東北支部だより2018

京大建築会東北支部だより2018

五十子 幸樹(平成2年卒)

2018年3月より前任の阿部成治先生より支部長の役割を引き継ぐこととなりました.若輩者ではありますが,どうぞ宜しくお願い申し上げます.

東北支部は会員が少ないこともあり,例会などの活動は実施しておりません.今回,支部長の役割を引き継がせていただいたので,支部会員の情報交換の場となるウェブページの立ち上げなど検討したいと思いますが,今ここでご紹介できるような状況にはありません.

東北支部だよりの執筆は2015年以来2回目となりますが,今回も私の近況報告をもって支部だよりとさせて頂きたく思います.

前回の支部だよりの原稿を仕上げて京大建築会の事務局に送付して間もなく,平成27年9月9日から11日にかけて関東・東北で記録的な豪雨が発生しました.この豪雨で,東北大学工学部建築付属実験所の大型振動台が水没するという被害に見舞われました.この大型振動台は志賀敏男先生のご尽力により東北大学工学部付属実験所に設置されたもので,これまで数々の教育的成果と研究成果を生み出して来ました.先代教授である井上範夫先生が退官されてから私がこの振動台の管理・運営を引き継ぐこととなって間もなくの被災です.東北大学では,この振動台の他にも二つの施設で豪雨被害を受けており,文部科学省に激甚災害に伴う被災施設の復旧補助金を申請することとなりました.学内での申請取りまとめと調整,文部科学省への申請,補助金が認められてからの修理工事の発注というプロセスに2年半の期間を要しました.2017年度中になんとか発注に漕ぎ着け,この原稿執筆時点,被災からちょうど3年を経てようやく修理が完了,復旧に至っています.
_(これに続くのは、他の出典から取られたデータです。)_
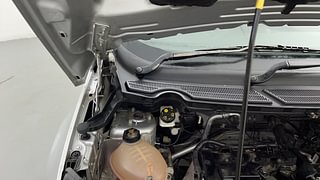 Used 2018 Ford EcoSport [2017-2021] Ambiente 1.5L Ti-VCT Petrol Manual engine ENGINE RIGHT SIDE HINGE & APRON VIEW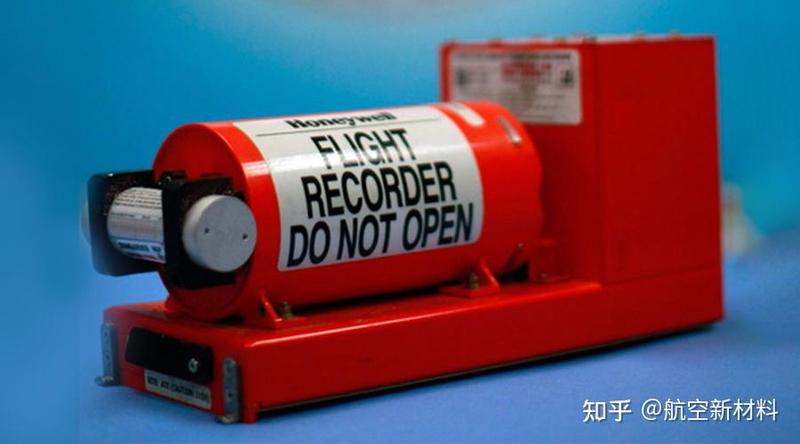 黑匣子失灵后，我看见了锈蚀的徽章！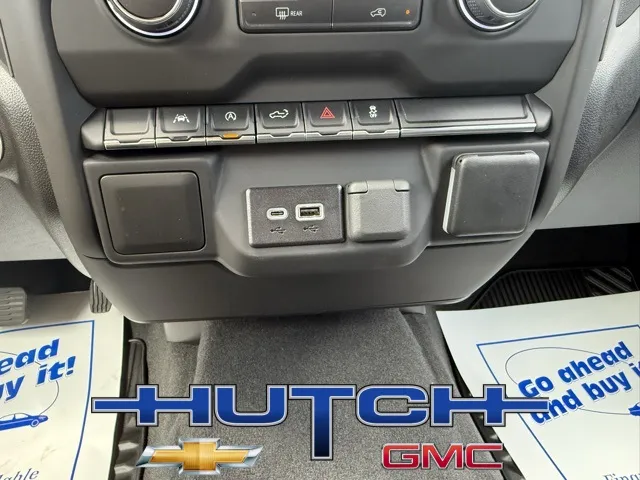 2025 Chevrolet Silverado 1500 Custom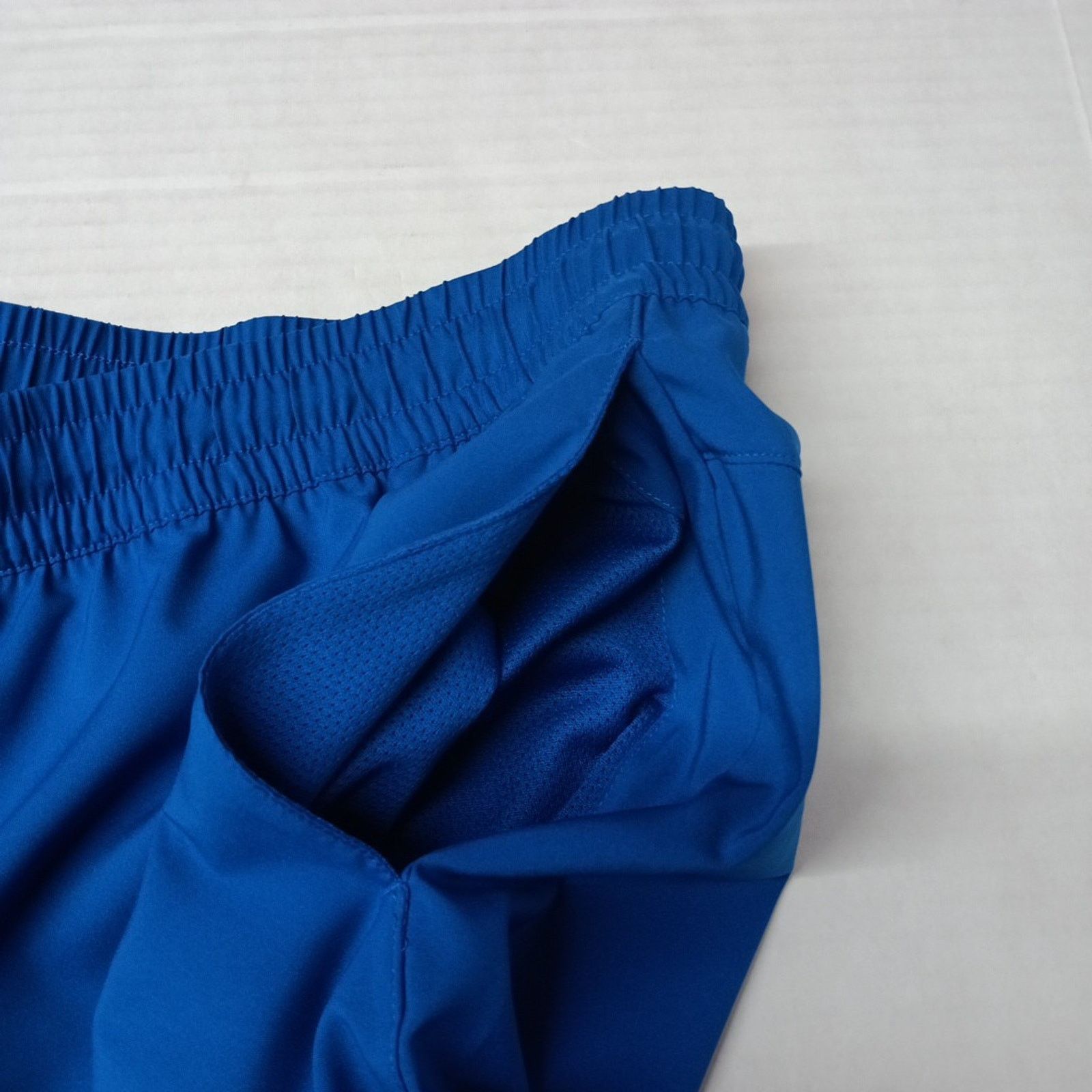 Reebok Reebok Woven Training Shorts Mens 2XL Blue Running 9" Inseam Size US 40 / EU 56 - 2 Thumbnail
東北大学が保有する大型振動台は油圧源室を地下に設けているので,振動台の稼働中も比較的作動音が静かであることが特長なのですが,地下に油圧源を持つことが仇となって豪雨に伴って地中に浸透した雨水が侵入し水没してしまったのです.

油圧源室に設置されたモーターや油圧源室冷却のための空調機械など電気設備は全て交換せざるを得ませんでしたが,油圧系統は洗浄して復旧することとして修理費を極力圧縮する努力をしました.

このような経験をするまで私は振動台設備の一ユーザーに過ぎませんでしたし,構造力学の理論が専門で実験的研究の経験を殆ど有していませんでしたが,修理作業の中で油圧システムを専門とする業者さんと膝を突き合わせて作業を進める内に,振動台設備に関する知識を深めることができ,貴重な体験となりました.

もう一つ,前回の支部だよりで報告させていただいた近況からの更なるアップデートについてお話しさせて頂きたいと思います.大学のグローバル競争激化の中で,国際連携の重要性が叫ばれるようになっています.幸い私の研究室では,中島正愛先生のお声がけにより耐震工学日米共同研究企画会議にProtective Systems Session Convenerとして参加させて頂けたので,米国のコネチカット大学,南カルフォルニア大学,メリーランド大学との連携を進めることが出来ました.耐震工学日米共同研究は更に次のフェーズへと進んだ模様で,私自身はProtective Systems Session Convenerとしての役割から退いていますが,ここで得た日米の連携は更に発展させていきたく思っています.本年は全米地震工学会(11NCEE)に参加し,コネチカット大学のProf. Christensonと南カルフォルニア大学のProf. Johnsonらが主催する国際ワークショップにも参加して参りました.メリーランド大学の若手准教授Brian Phillips先生とは審査付き国際共著論文が3編採択されており,現在もう一編が査読中です.日中の連携にも注力しており,清華大学,同済大学,広州大学との連携の強化を目指しているところです.